There are some fundamental idiomatic differences between Mac and Windows that go back 30+ years that will be the biggest friction points for you. From very small ("'home' and 'end' don't work right!") to the menubar being at the top of the screen to cmd-tab not working like alt-tab. At some point you may try to 'cut' some files to move them from point A to B and discover you can't (you copy and then move them instead of pasting them).
Mission Control is way faster than cmd-tab for getting at what you want if you have lots of applications and document/windows open. You can invoke it with keyboard/touchbar, trackpad gestures, and you can bind mouse buttons to it (have used a 5 button mouse for 15+ years for this). See the Mission Control and Trackpad ("more gestures") system preferences to set these. e.g. on the MacBook Air I'm using right now, I swipe down with four fingers to see all the windows of the current application and I just hit tab to cycle through the apps.
Drag and drop is a pervasive UX idiom- you can drag content (a block of text, an image, etc) and files from one app to another, to/from the Finder, etc.

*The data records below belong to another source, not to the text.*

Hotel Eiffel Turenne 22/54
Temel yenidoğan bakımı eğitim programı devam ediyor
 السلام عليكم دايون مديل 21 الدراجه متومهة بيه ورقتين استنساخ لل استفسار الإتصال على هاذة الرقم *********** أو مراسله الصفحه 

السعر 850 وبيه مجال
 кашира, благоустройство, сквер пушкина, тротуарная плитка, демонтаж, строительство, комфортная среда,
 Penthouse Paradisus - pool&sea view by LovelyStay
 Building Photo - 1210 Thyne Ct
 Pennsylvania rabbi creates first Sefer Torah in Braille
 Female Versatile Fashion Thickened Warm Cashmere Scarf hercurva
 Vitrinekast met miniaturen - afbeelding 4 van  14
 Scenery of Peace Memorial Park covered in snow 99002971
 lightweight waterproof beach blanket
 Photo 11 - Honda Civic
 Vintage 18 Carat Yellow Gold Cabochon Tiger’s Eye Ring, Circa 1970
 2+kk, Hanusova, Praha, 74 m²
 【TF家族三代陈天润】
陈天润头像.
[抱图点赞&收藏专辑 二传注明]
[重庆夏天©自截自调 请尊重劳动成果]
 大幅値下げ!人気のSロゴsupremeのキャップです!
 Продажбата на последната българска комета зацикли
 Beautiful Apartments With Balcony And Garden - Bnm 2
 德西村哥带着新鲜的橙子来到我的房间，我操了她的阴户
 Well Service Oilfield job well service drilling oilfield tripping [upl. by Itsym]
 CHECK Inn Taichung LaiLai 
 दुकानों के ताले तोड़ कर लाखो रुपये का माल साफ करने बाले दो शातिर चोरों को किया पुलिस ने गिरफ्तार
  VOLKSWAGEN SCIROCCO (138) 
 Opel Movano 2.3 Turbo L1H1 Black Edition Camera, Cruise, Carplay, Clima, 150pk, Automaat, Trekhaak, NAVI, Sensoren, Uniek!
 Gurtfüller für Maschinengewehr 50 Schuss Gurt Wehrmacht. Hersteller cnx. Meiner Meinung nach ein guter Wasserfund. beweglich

You can export 'print' to PDF from any Print dialog (cmd-p) in any application. Just hit the weird PDF button/menu at the bottom left of the Print dialog.
The built-in PDF viewer/editor, Preview, is very good so I would use it before getting Acrobat.
MS paint is better though.
Depends on what you need to do. I really wish there was a basic pixel art program on the Mac since that fundamental feature of MS Paint is totally absent from what comes on the Mac; for most other image/photo/PDF related tasks Preview is much more powerful.